従って、エアコン用コンプレッサなどの補機負荷をなるべく作動させつつ、エンストの発生を回避できる。
図1において、内燃機関101の吸気管102には、スロットルモータ103aでスロットルバルブ103bを開閉駆動する電子制御スロットル104が介装され、該電子制御スロットル104及び吸気バルブ105を介して、燃焼室106内に空気が吸入される。
燃焼排気は燃焼室106から排気バルブ107を介して排出され、フロント触媒108及びリア触媒109で浄化された後、大気中に放出される。
一方、吸気バルブ105側には、吸気バルブ105のバルブリフト量を作動角と共に連続的に可変する可変動弁機構であるVEL(Variable valve Event and Lift)機構112が設けられる。
マイクロコンピュータを内蔵するエンジンコントロールユニット(ECU)114は、アクセル開度に対応する目標吸入空気量が得られるように、前記電子制御スロットル104,VEL機構112及びVTC機構113を制御する。
前記ECU114には、内燃機関101の吸入空気量を検出するエアフローメータ115、アクセル開度を検出するアクセルペダルセンサ116、クランク軸120からクランク回転信号を取り出すクランク角センサ117、スロットルバルブ103bの開度TVOを検出するスロットルセンサ118、内燃機関101の冷却水温度を検出する水温センサ119からの検出信号が入力される。

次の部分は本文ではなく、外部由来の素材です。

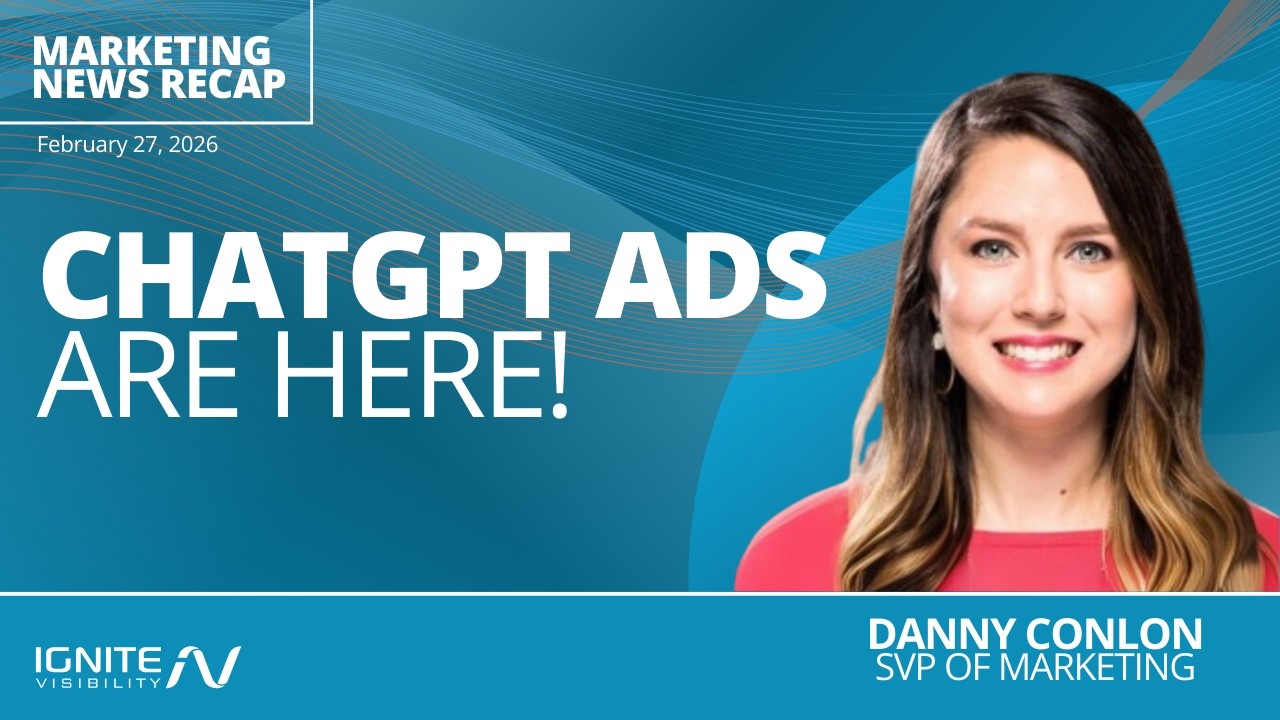ChatGPT Ads Are Here | Ignite Friday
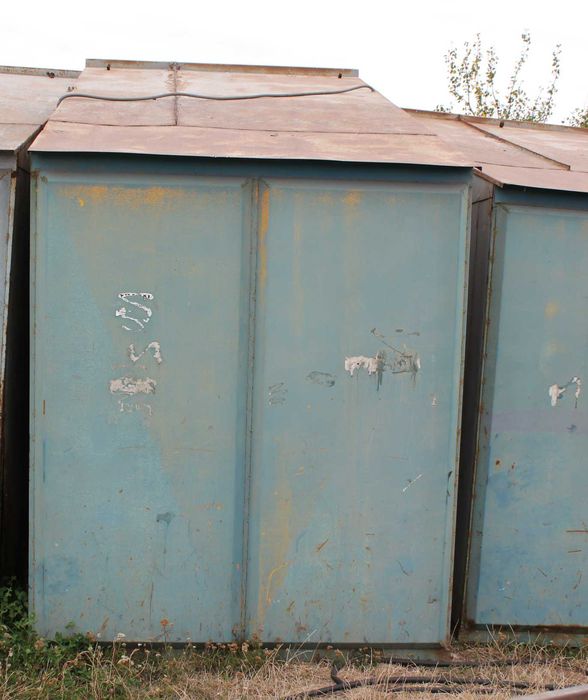 Контейнер 2х2,5м., Кунг, Бытовка, Гараж, Ракушка, Вагончик.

前記ECU114は、機関運転状態に基づいて燃料噴射量を演算し、該燃料噴射量に比例するパルス幅の噴射パルス信号を前記燃料噴射弁131に出力することで、前記燃料噴射弁131による燃料噴射を制御する。
図2〜図4は、前記VEL機構112の構造を詳細に示すものである。
図2〜図4に示すVEL機構112は、一対の吸気バルブ105,105と、シリンダヘッド11のカム軸受14に回転自在に支持された中空状のカム軸13(駆動軸)と、該カム軸13に軸支された回転カムである2つの偏心カム15,15(駆動カム)と、前記カム軸13の上方位置に同じカム軸受14に回転自在に支持された制御軸16と、該制御軸16に制御カム17を介して揺動自在に支持された一対のロッカアーム18,18と、各吸気バルブ105,105の上端部にバルブリフター19,19を介して配置された一対のそれぞれ独立した揺動カム20,20とを備えている。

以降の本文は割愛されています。